§ **WORK REQUEST**:
Transcribe only the lines in the data below falling between the line with "Product picture Salamone" and the line with "Универсал Skoda Fabia", including those two lines, and leave out any picture.

-- PROVIDED RECORDS follows --

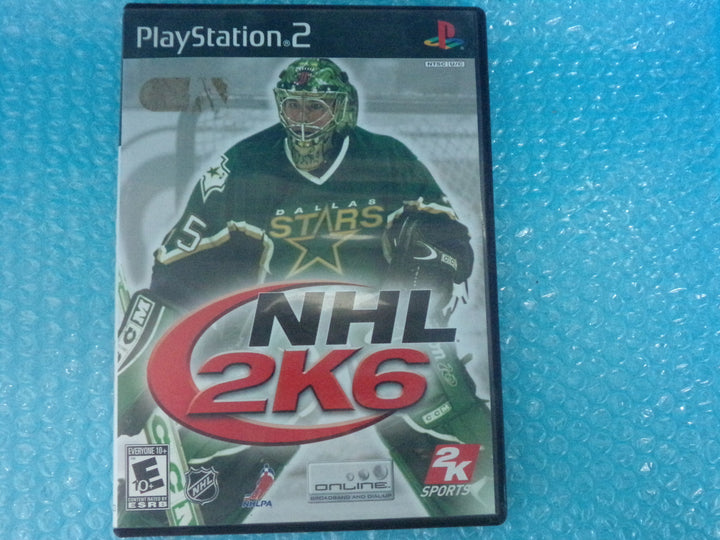 NHL 2K6 Playstation 2 PS2 Used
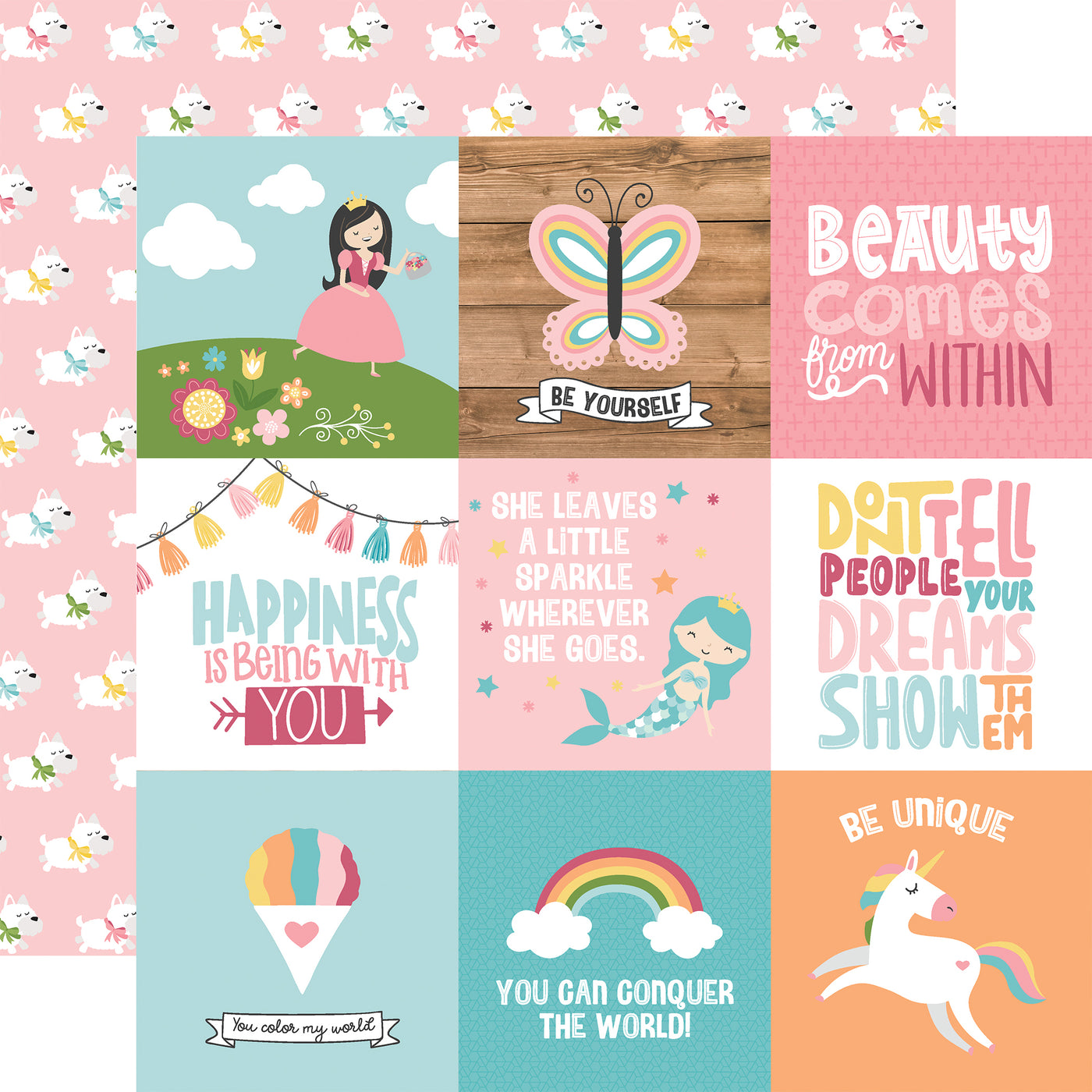 ALL GIRL 12x12 Collection Kit - Echo Park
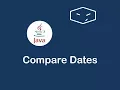 compare dates in java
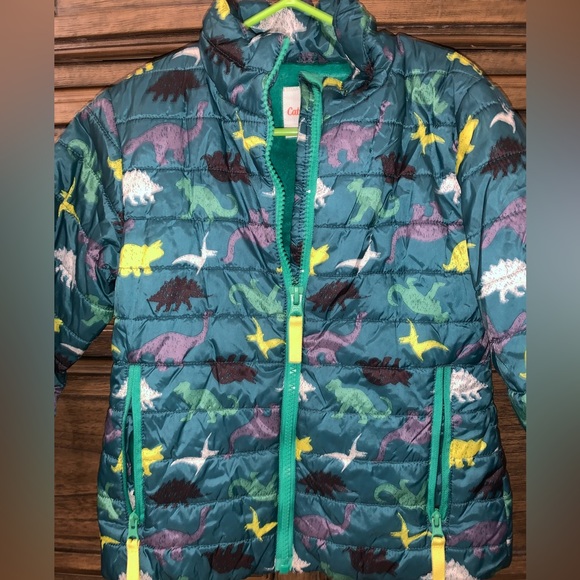 Cat & Jack dinosaur coat - Picture 2 of 4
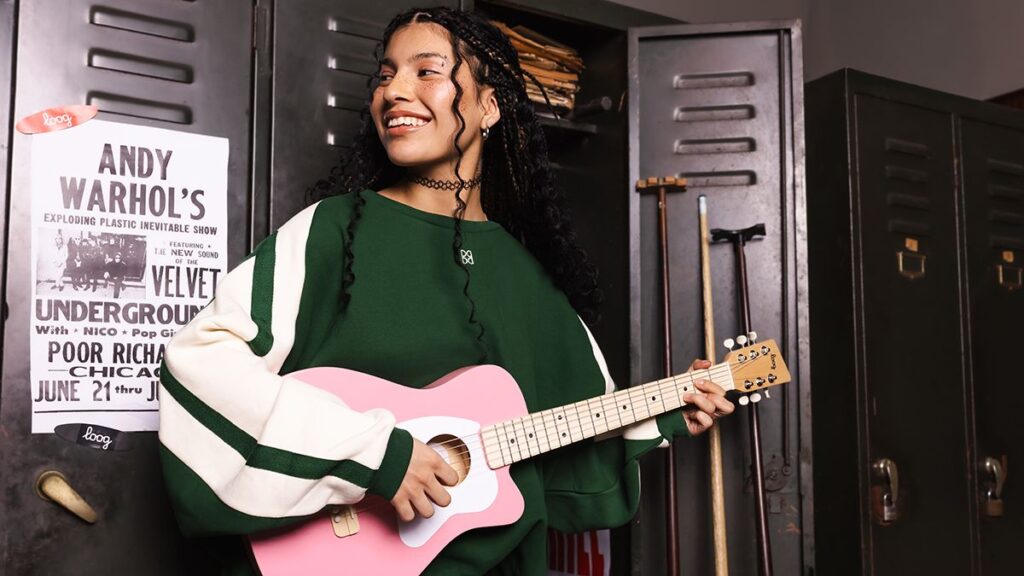 “As parents discovered Loog over the years, we often heard them say, ‘I wish this existed when I was a kid’”: Kid-friendly guitar brand Loog recently partnered with Fender and Gibson – now, it’s launching its very own teen-sized model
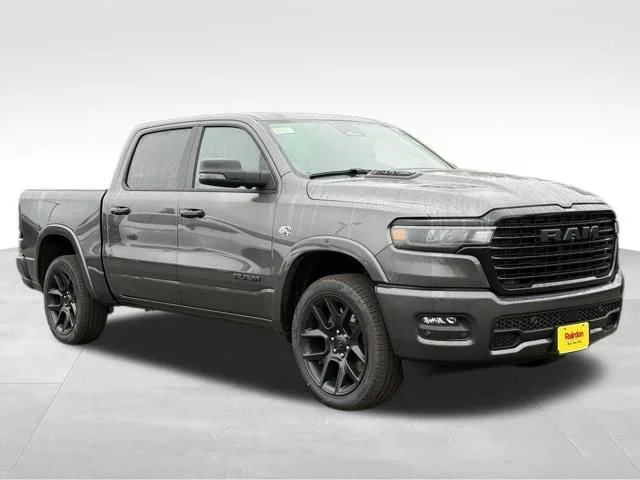 New 2026 Granite Crystal Metallic Clear-Coat Exterior Paint RAM Laramie image 1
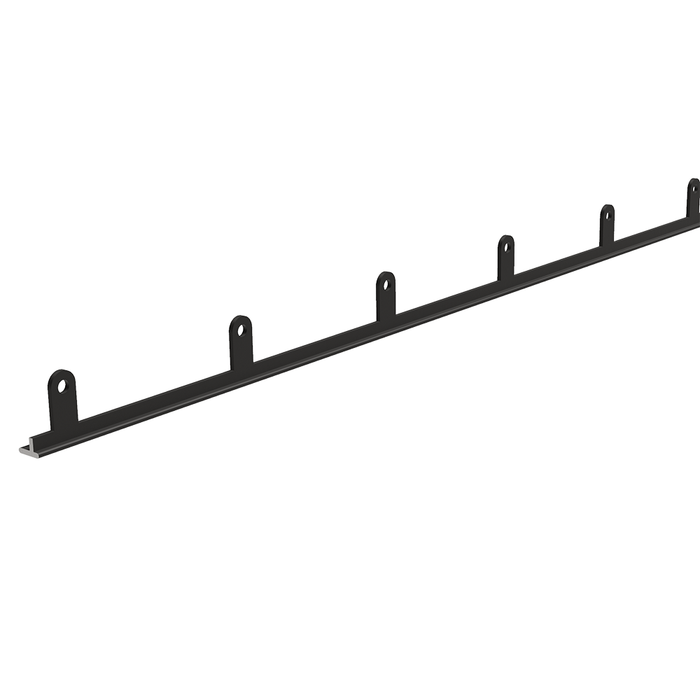 Adjustable Elliptical Louvre Handle - 3900mm
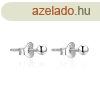 Agato Minimalista bedugs ezst flbeval AGT-E183P-3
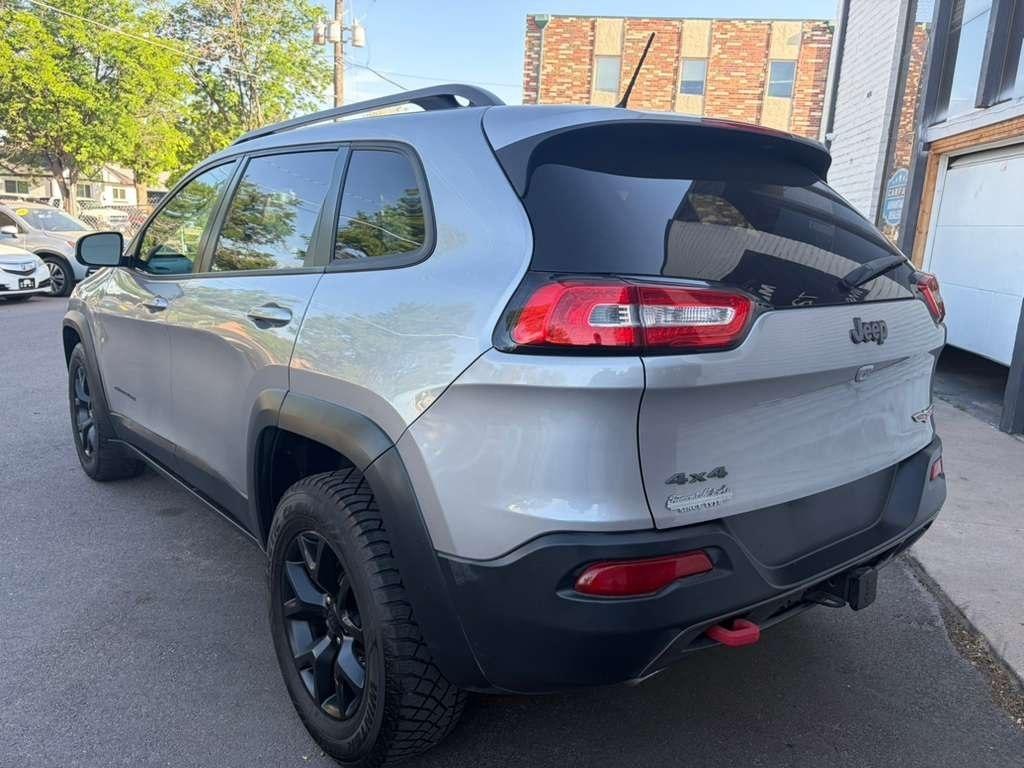 Jeep Cherokee  2015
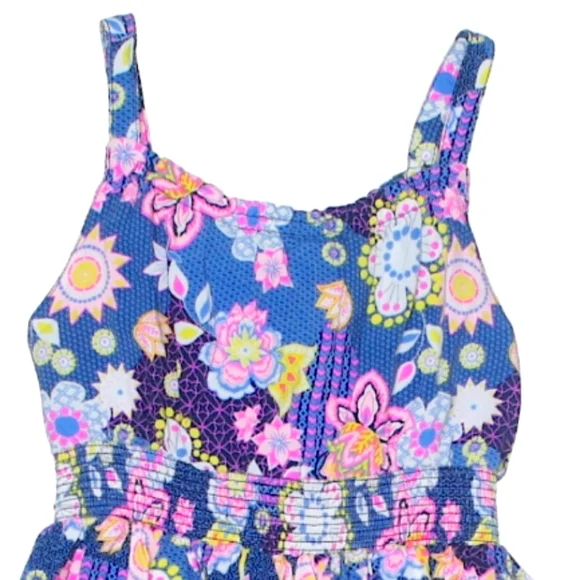 Pumpkin Patch Girl floral dress, size 8 - Picture 2 of 3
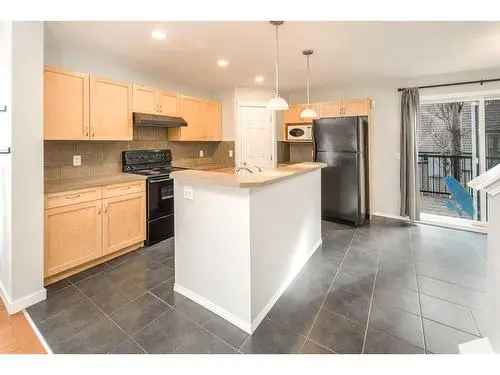 Townhouse For Sale In Panorama Hills, Calgary, Alberta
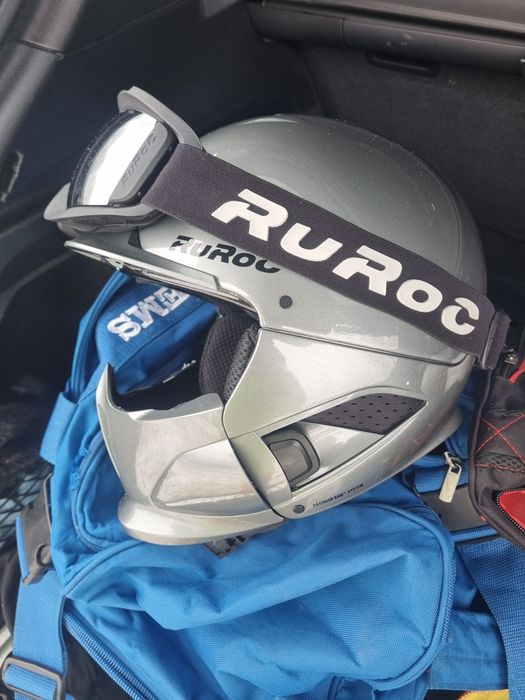 Casca ski ruroc magnum rg1 dx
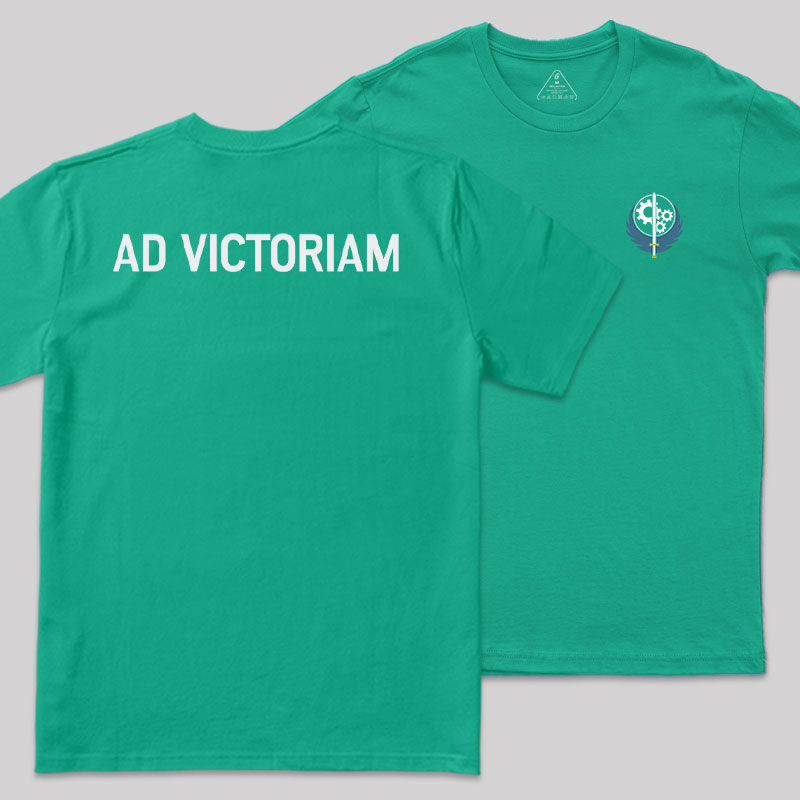 To Victory Geek T-Shirt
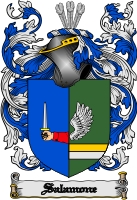 Product picture Salamone Family Crest  Salamone Coat of Arms Digital Download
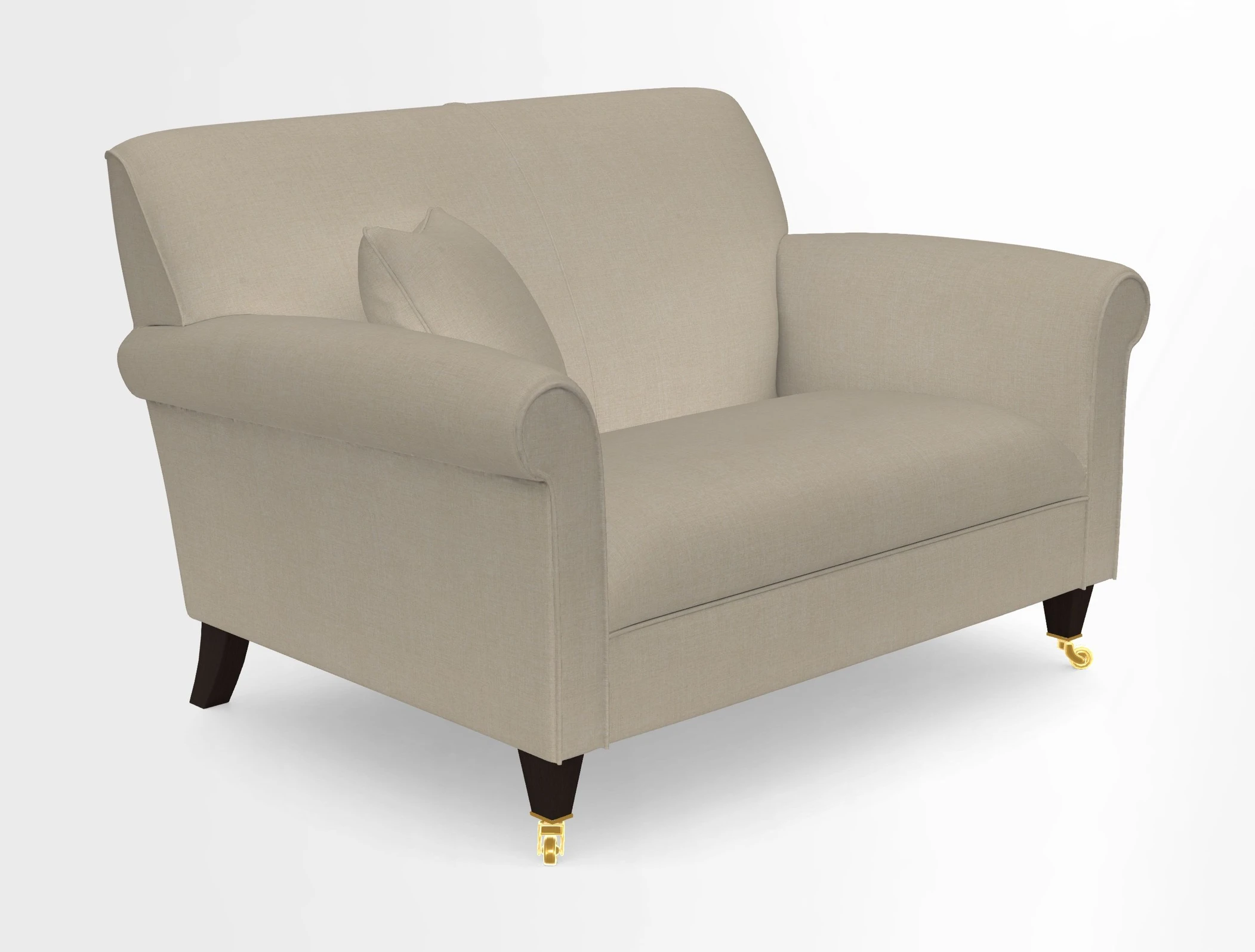 Petworth Snuggler in Two Tone Plain Biscuit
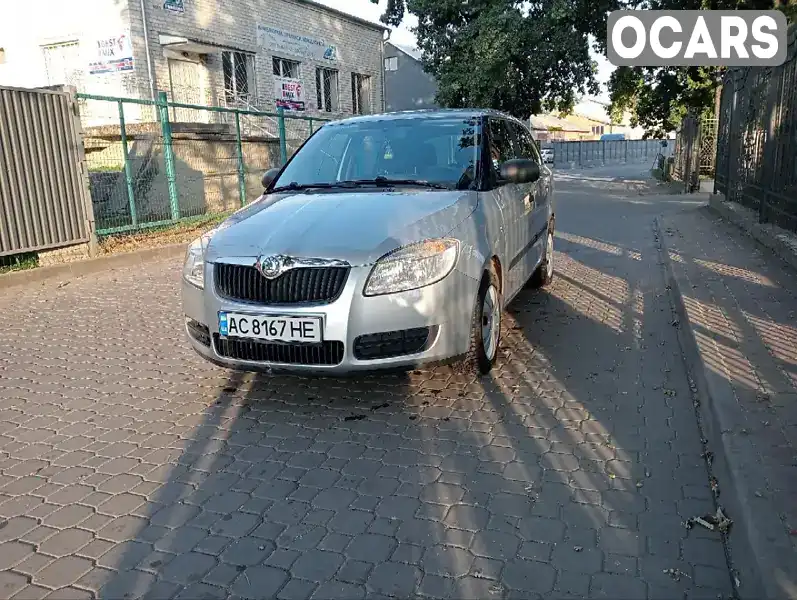 Универсал Skoda Fabia 2009 1.2 л. Ручная / Механика обл. Волынская, Киверцы - Фото 1/21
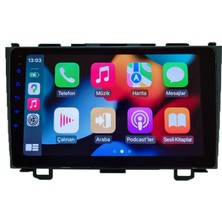 Conio Honda 2007-2012 Cr-V Android Sürüm 13 Kablosuz Carplay Navigasyon Multimedya 9 Inç Ekran 2gb Ram 32GB Rom Hafıza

-- PROVIDED RECORDS concluded --

§ **OUTPUT OF THE EXERCISE**:
 Product picture Salamone Family Crest  Salamone Coat of Arms Digital Download
 Petworth Snuggler in Two Tone Plain Biscuit
 Универсал Skoda Fabia 2009 1.2 л. Ручная / Механика обл. Волынская, Киверцы - Фото 1/21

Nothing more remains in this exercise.